Teresina tem registrado avanços significativos em seu sistema de saneamento, refletindo investimentos em infraestrutura e melhorias na cobertura de água tratada. Apesar do progresso, o desperdício de água ainda se mantém como um desafio crítico, impactando diretamente a eficiência do abastecimento e a sustentabilidade ambiental da cidade. Este artigo analisa o panorama atual, destacando conquistas, problemas persistentes e medidas estratégicas para otimizar o uso desse recurso essencial.
A cidade tem expandido a cobertura de saneamento, oferecendo acesso a um número crescente de residências e estabelecimentos. A universalização do serviço, embora ainda incompleta, tem avançado graças a projetos de modernização das redes de distribuição e à ampliação de estações de tratamento. Esses investimentos contribuem para a melhoria da qualidade de vida, prevenindo doenças e promovendo saúde pública. O avanço no saneamento não apenas reduz a incidência de enfermidades relacionadas à água contaminada, mas também fortalece a infraestrutura urbana, tornando Teresina mais preparada para o crescimento populacional e demandas futuras.
No entanto, o desperdício de água permanece um ponto crítico. Problemas como vazamentos em redes antigas, ligações irregulares e o uso inadequado por parte da população reduzem a eficiência do sistema. Estima-se que uma parcela significativa da água tratada é perdida antes mesmo de chegar ao consumidor final, o que representa não apenas um desperdício financeiro, mas também ambiental. Em um cenário de escassez hídrica crescente, essas perdas refletem a necessidade urgente de ações integradas, que combinem tecnologia, fiscalização e conscientização social.
A gestão eficiente da água exige estratégias que vão além da expansão da rede. O investimento em tecnologias de monitoramento permite identificar vazamentos e irregularidades com rapidez, minimizando perdas e garantindo que a água chegue de forma adequada aos usuários. Campanhas educativas desempenham papel fundamental ao incentivar a população a adotar práticas conscientes, como fechar torneiras corretamente, evitar desperdícios durante atividades domésticas e reparar vazamentos internos. A combinação de infraestrutura moderna com comportamento responsável potencializa o impacto positivo no abastecimento urbano.
Outro aspecto relevante é a integração entre diferentes órgãos e políticas públicas. Teresina precisa alinhar planejamento urbano, fiscalização e investimentos ambientais para garantir a eficiência do saneamento. Projetos isolados não são suficientes quando o desperdício continua alto; a coordenação entre poder público, concessionárias e sociedade civil é essencial para criar soluções duradouras. A análise de dados e indicadores de consumo e perda de água pode orientar decisões estratégicas, priorizando regiões mais críticas e promovendo intervenções precisas.

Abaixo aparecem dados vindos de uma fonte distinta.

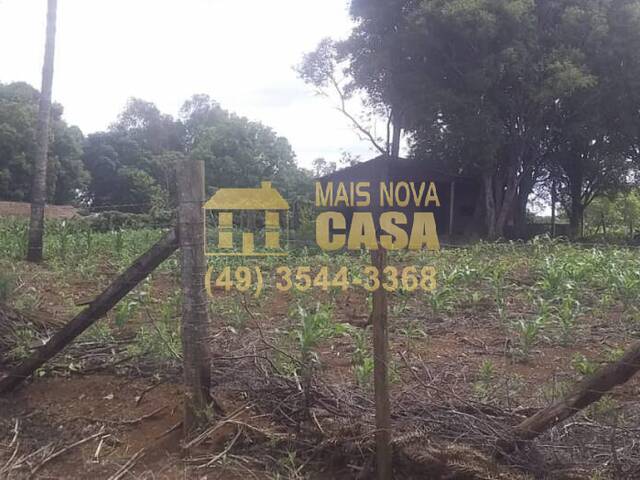 Área para Venda em Campos Novos - 5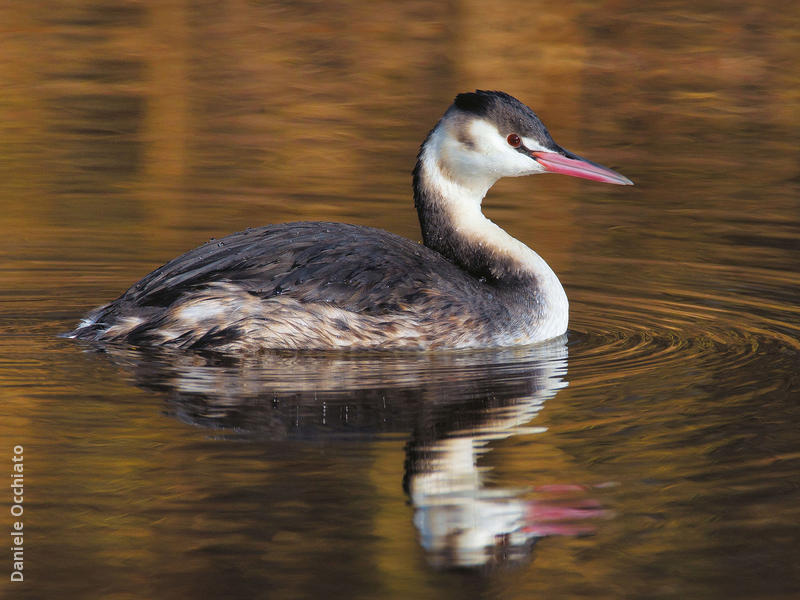 Great Crested Grebe (Winter, ITALY)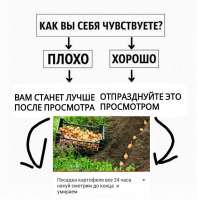 14988279849250.jpg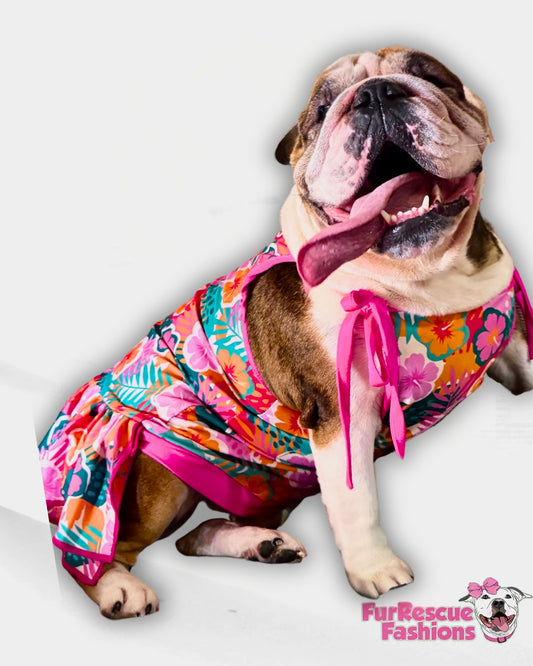 Tropical Paradise Dog Pajama with Hot Pink Trim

Além de mitigar desperdícios, o foco na sustentabilidade é indispensável. A preservação dos mananciais e o uso racional da água tratada são medidas que fortalecem a resiliência da cidade frente a períodos de estiagem. Políticas de incentivo à reutilização, como o reuso de água em processos industriais ou irrigação urbana, contribuem para reduzir a pressão sobre os recursos hídricos. Teresina, ao adotar essas práticas, se posiciona como exemplo de gestão consciente, conciliando desenvolvimento urbano e responsabilidade ambiental.
Em paralelo, a transparência no acompanhamento dos avanços do saneamento é um fator que influencia a percepção pública e a efetividade das políticas. Informar a população sobre metas, investimentos e resultados ajuda a gerar engajamento, estimulando a participação ativa no uso sustentável da água. A educação ambiental, quando aliada a indicadores claros de desempenho, fortalece a cultura de preservação e garante que os investimentos em infraestrutura tenham retorno social e ambiental concreto.
Teresina demonstra, portanto, que o progresso no saneamento é possível mesmo em contextos urbanos desafiadores, mas que a eficiência do sistema depende do equilíbrio entre expansão e controle de perdas. A melhoria contínua requer atenção às redes existentes, adoção de tecnologias modernas, conscientização da população e políticas integradas que priorizem sustentabilidade. Reduzir o desperdício de água é tão importante quanto ampliar o acesso, e ambos os esforços se complementam na construção de uma cidade mais resiliente, saudável e preparada para o futuro.